Providing power to this blue beauty is an LS3 crate engine with forged internals and a hotter cam. It was Dyno’d before installation where it showed 550 Horsepower and 520 lb-ft of torque at the flywheel. All of that twist is sent to the nine-inch Ford rear-end (3.73 gears) through a Tremec T56 six-speed manual transmission. The LS7 clutch, throttle, and C6 disk brakes with ZR1 Blue calipers are controlled by wildwood pedals.
British luxury automaker, Bentley, didn’t just provide the paint but also the exhaust tips which AutoKraft installed after noticing that they perfectly fit the contour of the ’59 ‘Vette’s body.
One of the most striking of the other exterior modifications is the custom-cut frameless windshield that concurrently gives off contemporary and classic hot-rod looks.

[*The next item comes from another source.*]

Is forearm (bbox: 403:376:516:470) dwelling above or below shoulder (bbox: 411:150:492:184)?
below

The cabin is equally as gorgeous as the outside with custom work done by Steve Pearson and Upholstery Unlimited in Clinton, IA. Tan leather bucket seats, door panels, and console are accompanied by a Momo steering wheel, custom gauges, and a Hurst shifter. An upgraded Alpine/Polk Audio system provides crystal clear sound quality for the rare occasion when the LS3’s song isn’t enough.

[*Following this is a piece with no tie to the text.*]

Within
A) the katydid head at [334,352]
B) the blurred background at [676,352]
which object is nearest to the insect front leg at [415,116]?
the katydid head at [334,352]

Once the build was finalized, this car made its debut at Good Guys’ Nationals where it not only took home the Resto-Mod Builders Choice Award, but also participated in autocross where it reportedly handled like a brand-new car with the help of its Morrison Tubular A-arms and Afco double adjustable shocks.
Before we continue, pop-quiz time! Quick, what is the easiest way to tell the difference between nearly-identical 1959 and 1960 C1 Corvettes at a glance? I’ll give you a single picture break to come up with your guess…

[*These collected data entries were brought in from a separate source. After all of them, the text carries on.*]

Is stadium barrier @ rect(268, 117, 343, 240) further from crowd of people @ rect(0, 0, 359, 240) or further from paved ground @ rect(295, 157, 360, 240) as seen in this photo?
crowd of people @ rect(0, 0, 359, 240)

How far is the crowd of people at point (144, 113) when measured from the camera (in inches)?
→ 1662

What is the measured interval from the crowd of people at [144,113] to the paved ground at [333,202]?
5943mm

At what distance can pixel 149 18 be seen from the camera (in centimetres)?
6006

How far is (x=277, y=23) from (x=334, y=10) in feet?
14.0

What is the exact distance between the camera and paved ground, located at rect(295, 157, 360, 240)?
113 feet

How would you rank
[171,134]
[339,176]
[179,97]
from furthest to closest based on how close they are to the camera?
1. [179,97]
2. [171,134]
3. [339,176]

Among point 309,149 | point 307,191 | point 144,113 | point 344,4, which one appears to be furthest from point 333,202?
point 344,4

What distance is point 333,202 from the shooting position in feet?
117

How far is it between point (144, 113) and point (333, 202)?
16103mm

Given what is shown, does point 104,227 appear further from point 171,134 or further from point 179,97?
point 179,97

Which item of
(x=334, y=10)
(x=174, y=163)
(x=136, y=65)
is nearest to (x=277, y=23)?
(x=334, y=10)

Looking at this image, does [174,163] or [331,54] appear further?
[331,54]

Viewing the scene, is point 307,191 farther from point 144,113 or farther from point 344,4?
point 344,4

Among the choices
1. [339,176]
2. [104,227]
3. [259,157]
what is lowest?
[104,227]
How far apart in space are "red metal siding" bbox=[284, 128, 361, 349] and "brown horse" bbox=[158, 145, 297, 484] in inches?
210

If you said “the direction of the stitching on the seats,” and perhaps even went into more detail like this; “the ’59 has horizontal stitching while the stitching on the ’60 goes up and down the seat’s center panel,” than you were correct and Classic Auto Sales will buy you a meal of your choice at the country’s best regional burger chain, Runza, with the purchase of this car!
Within the solution to the pop-quiz lies one of my only gripes with this wonderful automobile. I would have loved to see homage paid to the real ’59’s calling card with some prominent side to side stitched panels in the seats. The start button is also dangerously close in appearance to the one in the Fifth-Gen Viper which is slightly strange but passable when you consider that during the time of the build, the C7’s excellent looking brushed aluminum unit might not have been available.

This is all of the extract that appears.